■ YOUR INSTRUCTIONS ■
Restate word for word the lines of the material below, from the line with "麦辣鸡腿堡-麦当劳(百利广场店)" to the line with "appartamento in vendita", both lines included, and no others.

■ DATASET RECORDS ■

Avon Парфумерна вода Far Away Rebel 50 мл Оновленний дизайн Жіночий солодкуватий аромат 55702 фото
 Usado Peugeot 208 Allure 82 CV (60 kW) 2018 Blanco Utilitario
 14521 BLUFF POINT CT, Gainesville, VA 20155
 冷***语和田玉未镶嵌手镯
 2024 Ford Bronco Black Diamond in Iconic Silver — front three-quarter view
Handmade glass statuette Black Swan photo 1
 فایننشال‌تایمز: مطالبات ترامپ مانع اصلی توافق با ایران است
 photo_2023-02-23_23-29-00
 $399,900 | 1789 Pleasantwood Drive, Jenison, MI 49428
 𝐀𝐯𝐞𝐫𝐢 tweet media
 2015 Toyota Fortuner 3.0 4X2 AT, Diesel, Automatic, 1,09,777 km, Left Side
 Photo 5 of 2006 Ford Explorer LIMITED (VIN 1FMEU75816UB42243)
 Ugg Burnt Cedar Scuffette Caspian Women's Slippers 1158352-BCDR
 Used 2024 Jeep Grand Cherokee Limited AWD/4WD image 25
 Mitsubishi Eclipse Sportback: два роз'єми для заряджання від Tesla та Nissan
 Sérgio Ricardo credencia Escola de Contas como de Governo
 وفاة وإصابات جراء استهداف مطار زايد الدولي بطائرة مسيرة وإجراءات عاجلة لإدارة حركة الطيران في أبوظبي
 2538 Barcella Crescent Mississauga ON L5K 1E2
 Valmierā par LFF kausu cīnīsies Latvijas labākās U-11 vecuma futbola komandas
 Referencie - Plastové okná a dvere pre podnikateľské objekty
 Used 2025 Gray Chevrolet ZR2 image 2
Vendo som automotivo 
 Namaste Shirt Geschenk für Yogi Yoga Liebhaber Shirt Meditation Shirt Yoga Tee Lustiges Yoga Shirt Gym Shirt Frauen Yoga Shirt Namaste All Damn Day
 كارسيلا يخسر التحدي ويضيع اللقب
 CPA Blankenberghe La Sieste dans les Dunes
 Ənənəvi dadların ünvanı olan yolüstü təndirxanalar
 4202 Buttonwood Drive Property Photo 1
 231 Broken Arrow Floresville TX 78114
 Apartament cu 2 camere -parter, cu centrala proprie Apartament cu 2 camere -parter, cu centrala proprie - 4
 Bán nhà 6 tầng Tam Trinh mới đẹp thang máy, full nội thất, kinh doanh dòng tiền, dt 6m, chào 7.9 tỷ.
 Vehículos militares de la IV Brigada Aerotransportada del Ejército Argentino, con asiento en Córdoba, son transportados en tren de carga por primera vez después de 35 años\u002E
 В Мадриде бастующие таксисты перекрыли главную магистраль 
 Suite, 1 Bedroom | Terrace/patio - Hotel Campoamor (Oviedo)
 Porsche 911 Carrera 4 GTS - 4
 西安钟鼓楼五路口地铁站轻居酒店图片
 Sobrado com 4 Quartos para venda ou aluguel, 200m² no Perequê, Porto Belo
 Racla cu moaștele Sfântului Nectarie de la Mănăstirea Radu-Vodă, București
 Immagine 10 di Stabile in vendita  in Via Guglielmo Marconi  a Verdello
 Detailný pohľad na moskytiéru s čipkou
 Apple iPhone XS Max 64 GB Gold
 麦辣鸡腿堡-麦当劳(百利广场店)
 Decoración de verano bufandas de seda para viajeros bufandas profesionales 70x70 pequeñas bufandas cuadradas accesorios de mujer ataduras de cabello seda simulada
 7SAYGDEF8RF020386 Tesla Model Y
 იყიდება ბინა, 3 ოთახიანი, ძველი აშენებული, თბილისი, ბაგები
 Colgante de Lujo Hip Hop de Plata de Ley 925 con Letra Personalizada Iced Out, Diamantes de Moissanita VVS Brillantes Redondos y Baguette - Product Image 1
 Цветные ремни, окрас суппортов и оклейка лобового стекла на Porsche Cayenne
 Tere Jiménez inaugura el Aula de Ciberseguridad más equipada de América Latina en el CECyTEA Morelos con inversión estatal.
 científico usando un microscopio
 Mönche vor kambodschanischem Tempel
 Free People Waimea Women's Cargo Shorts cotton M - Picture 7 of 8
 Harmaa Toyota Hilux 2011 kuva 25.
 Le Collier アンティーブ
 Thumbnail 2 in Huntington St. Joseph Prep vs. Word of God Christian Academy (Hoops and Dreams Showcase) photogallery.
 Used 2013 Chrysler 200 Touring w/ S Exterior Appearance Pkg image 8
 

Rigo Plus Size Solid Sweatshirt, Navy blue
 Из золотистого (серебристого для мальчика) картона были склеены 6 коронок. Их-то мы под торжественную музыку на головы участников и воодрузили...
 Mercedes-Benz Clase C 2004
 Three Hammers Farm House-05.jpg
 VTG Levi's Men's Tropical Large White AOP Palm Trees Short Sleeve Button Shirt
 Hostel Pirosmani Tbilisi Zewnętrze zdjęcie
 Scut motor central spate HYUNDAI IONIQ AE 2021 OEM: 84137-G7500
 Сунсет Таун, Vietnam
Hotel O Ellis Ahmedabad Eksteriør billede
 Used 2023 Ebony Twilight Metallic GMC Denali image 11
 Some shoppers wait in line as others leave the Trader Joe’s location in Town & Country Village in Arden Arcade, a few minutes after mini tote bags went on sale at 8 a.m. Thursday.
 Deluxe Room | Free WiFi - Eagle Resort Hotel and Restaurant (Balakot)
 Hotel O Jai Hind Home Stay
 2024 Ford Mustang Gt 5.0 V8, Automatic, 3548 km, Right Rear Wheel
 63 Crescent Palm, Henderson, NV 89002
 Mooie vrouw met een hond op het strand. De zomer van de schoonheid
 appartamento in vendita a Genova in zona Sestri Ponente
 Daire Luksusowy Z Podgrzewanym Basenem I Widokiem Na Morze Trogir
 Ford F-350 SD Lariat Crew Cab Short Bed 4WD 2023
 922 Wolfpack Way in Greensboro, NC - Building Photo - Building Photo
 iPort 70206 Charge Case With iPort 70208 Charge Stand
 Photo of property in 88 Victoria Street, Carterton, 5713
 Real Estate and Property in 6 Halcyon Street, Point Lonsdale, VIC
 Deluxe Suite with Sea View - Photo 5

■ SOLUTION TO THIS PROBLEM ■
 麦辣鸡腿堡-麦当劳(百利广场店)
 Decoración de verano bufandas de seda para viajeros bufandas profesionales 70x70 pequeñas bufandas cuadradas accesorios de mujer ataduras de cabello seda simulada
 7SAYGDEF8RF020386 Tesla Model Y
 იყიდება ბინა, 3 ოთახიანი, ძველი აშენებული, თბილისი, ბაგები
 Colgante de Lujo Hip Hop de Plata de Ley 925 con Letra Personalizada Iced Out, Diamantes de Moissanita VVS Brillantes Redondos y Baguette - Product Image 1
 Цветные ремни, окрас суппортов и оклейка лобового стекла на Porsche Cayenne
 Tere Jiménez inaugura el Aula de Ciberseguridad más equipada de América Latina en el CECyTEA Morelos con inversión estatal.
 científico usando un microscopio
 Mönche vor kambodschanischem Tempel
 Free People Waimea Women's Cargo Shorts cotton M - Picture 7 of 8
 Harmaa Toyota Hilux 2011 kuva 25.
 Le Collier アンティーブ
 Thumbnail 2 in Huntington St. Joseph Prep vs. Word of God Christian Academy (Hoops and Dreams Showcase) photogallery.
 Used 2013 Chrysler 200 Touring w/ S Exterior Appearance Pkg image 8
 

Rigo Plus Size Solid Sweatshirt, Navy blue
 Из золотистого (серебристого для мальчика) картона были склеены 6 коронок. Их-то мы под торжественную музыку на головы участников и воодрузили...
 Mercedes-Benz Clase C 2004
 Three Hammers Farm House-05.jpg
 VTG Levi's Men's Tropical Large White AOP Palm Trees Short Sleeve Button Shirt
 Hostel Pirosmani Tbilisi Zewnętrze zdjęcie
 Scut motor central spate HYUNDAI IONIQ AE 2021 OEM: 84137-G7500
 Сунсет Таун, Vietnam
Hotel O Ellis Ahmedabad Eksteriør billede
 Used 2023 Ebony Twilight Metallic GMC Denali image 11
 Some shoppers wait in line as others leave the Trader Joe’s location in Town & Country Village in Arden Arcade, a few minutes after mini tote bags went on sale at 8 a.m. Thursday.
 Deluxe Room | Free WiFi - Eagle Resort Hotel and Restaurant (Balakot)
 Hotel O Jai Hind Home Stay
 2024 Ford Mustang Gt 5.0 V8, Automatic, 3548 km, Right Rear Wheel
 63 Crescent Palm, Henderson, NV 89002
 Mooie vrouw met een hond op het strand. De zomer van de schoonheid
 appartamento in vendita a Genova in zona Sestri Ponente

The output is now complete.